It’s Not Me, Academia. It’s You

 

It’s Not Me, Academia. It’s You





My neuroscience was sexy. My colleagues were sexier. Our research was capturing the imagination of the masses, and I relished the intrigue my title would evoke at social gatherings. More importantly, I was contributing to something that could one day change people’s lives for the better. I was good at my job and I was proud of my identity as a scientist.I hadn’t always loved science, and science hadn’t always loved me. At school, I ducked out of any form of science as soon as I was given the choice. It all felt too discrete. Right and wrong, good and bad. Science was knowledge and either you had it, or you didn’t. My failure to perform was clear and it scared me. I found shelter in the arts, where I could lose myself in characters and plots. I could exist in someone else’s skin, if only for a short time. 
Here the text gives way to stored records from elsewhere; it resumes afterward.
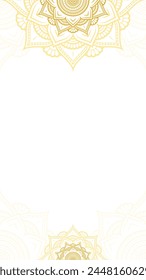 White Symphony Blank Vertical Vector Background with Intricate Golden Lotus Mandala Embellishments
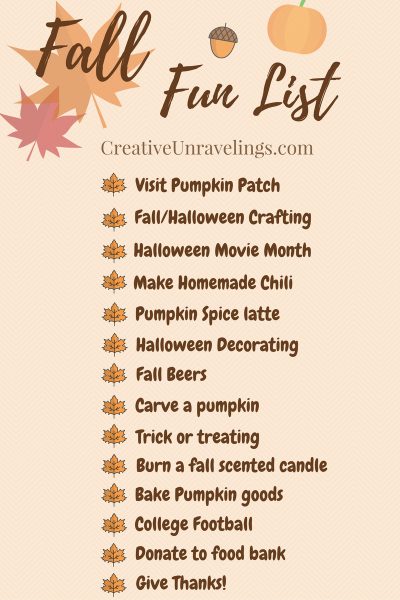 FREE PRINTABLE: Fall Fun List | Creative Unravelings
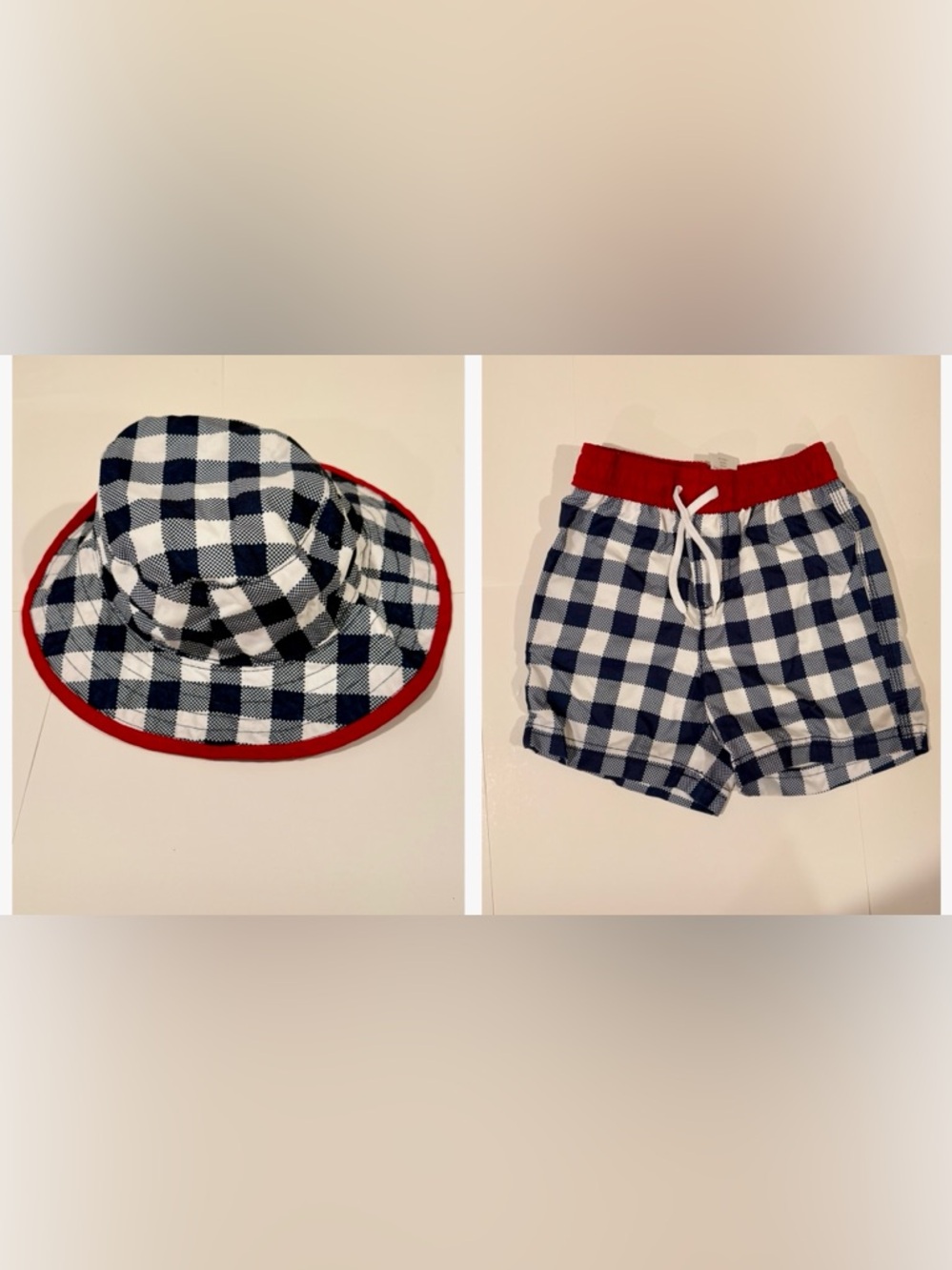 Kids Swim Trunks and Hat Set Navy Gingham Size 18-24 months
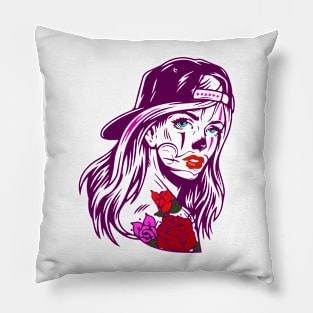 Cool girl's face Pillow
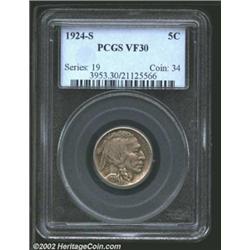 1924-S 5C VF30 PCGS.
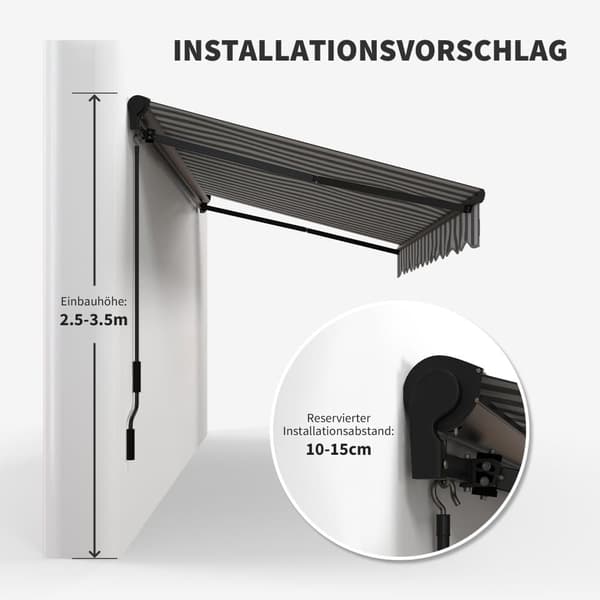 Balkonmarkise, 350x250x150 cm, Grå + Hvid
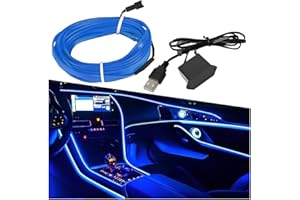 ZIMISI EL Wire Car Interior LED Strip Lights, 5V 16FT Neon Light Strip with Sewing Edge, USB Electroluminescent Car Interior Lights with Fuse Protection, Vehicle Ambient Lighting Decorations (Blue)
I found myself in the grey; the spaces between reality and fantasy. I went to university to study for a BA in psychology. I can’t remember exactly what it was that drew me to psychology, aside from an interest in understanding why life seemed so much harder for me than anyone else.I also knew that it was a subject broad enough to have no definitive career trajectory. There were no set expectations and therefore fewer ways for me to fail. While I didn’t realise it at the time, it is also a subject that straddles both the arts and sciences. So while it was the arts that drew me in, it was science that very quickly stole my heart.